United States District Court, District of Puerto Rico
Aug 31, 2022
CIVIL 18-1532 (JAG) (D.P.R. Aug. 31, 2022)

Opinion

CIVIL 18-1532 (JAG)

08-31-2022

BRENDA M. IRIZARRY-PAGAN, et al., Plaintiffs, v. METRO SANTURCE, INC., et al., Defendants.


MEMORANDUM AND ORDER

JAY A. GARCIA-GREGORY UNITED STATES DISTRICT JUDGE

Pending before the Court is Defendants' Joint Motion in Limine to Exclude the Opinions and Testimony of Dr. Ian Cummings (the “Motion”), Docket No. 91; Plaintiffs' Response in Opposition, Docket No. 103; Defendants' Joint Reply, Docket No. 128; and Plaintiffs' Supplemental Motion, Docket No. 132. The Motion was referred to U.S. Magistrate Judge Bruce J. McGiverin for a Report and Recommendation (“R&R”) solely as to the issue of whether Dr. Cumming's opinions should be excluded pursuant to Daubert. Docket No. 140. The Magistrate Judge recommended granting the Motion in part. Docket No. 149. Defendants filed a timely Objection. Docket No. 150. After considering Defendants' Objection and conducting a de novo review of the record, the Court finds that the R&R is supported by both the record and the law. Accordingly, the Court ADOPTS the Magistrate Judge's R&R and GRANTS IN PART Defendants' Motion.

STANDARD OF REVIEW

Courts must conduct a de novo review of such parts of an R&R to which specific, written objections have been made. Fed.R.Civ.P. 72(b). “Local Rule 72(d) further provides that such objections ‘shall specifically identify the portions of the proposed findings and recommendations to which objection is made and the basis for such objection.'” Velez-Padro v.

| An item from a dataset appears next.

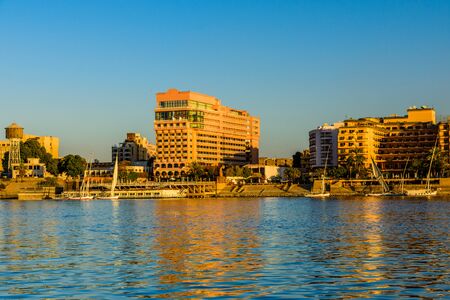Residential buildings on a bank of Nile river in Luxor, Egyptの写真素材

Thermo King de P.R., Inc., 465 F.3d 31, 32 (1st Cir. 2006) (quoting L. Cv. R. 72(d)). “Conclusory objections that do not direct the reviewing court to the issues in controversy do not comply with Rule 72(b).” Id. Upon review of objections properly made, courts may “accept, reject or modify, in whole or in part, the findings or recommendations” of the magistrate judge. L. Cv. R. 72(d).

DISCUSSION

The Court agrees with the Magistrate Judge's conclusion that, pursuant to Martinez v. United States, 33 F.4th 20 (2022), Dr. Cummings sufficiently explained how certain deviations from the applicable standard of care caused the damages claimed in this case. Defendants' reliance on Lopez-Ramirez v. Toledo-Gonzalez, 32 F.4th 87 (1st Cir. 2022) is inapposite. In that case, the First Circuit found that the district court did not abuse its discretion in excluding an expert opinion because the report suffered from several deficiencies that warranted exclusion under Daubert and the plaintiffs did not “develop any contention that [the expert's] deposition testimony - which, we note, the District Court also considered but found ‘equally unhelpful' - bridges the ‘analytical gap' that the District Court identified between [the expert's] stated opinion in his report that there had been a deviation from the standard of care and the basis for that opinion.” Id. at 96. Such is not the case here, where the Magistrate Judge, as will be discussed below, found that certain deficiencies in Dr. Cumming's report were cured by his deposition testimony.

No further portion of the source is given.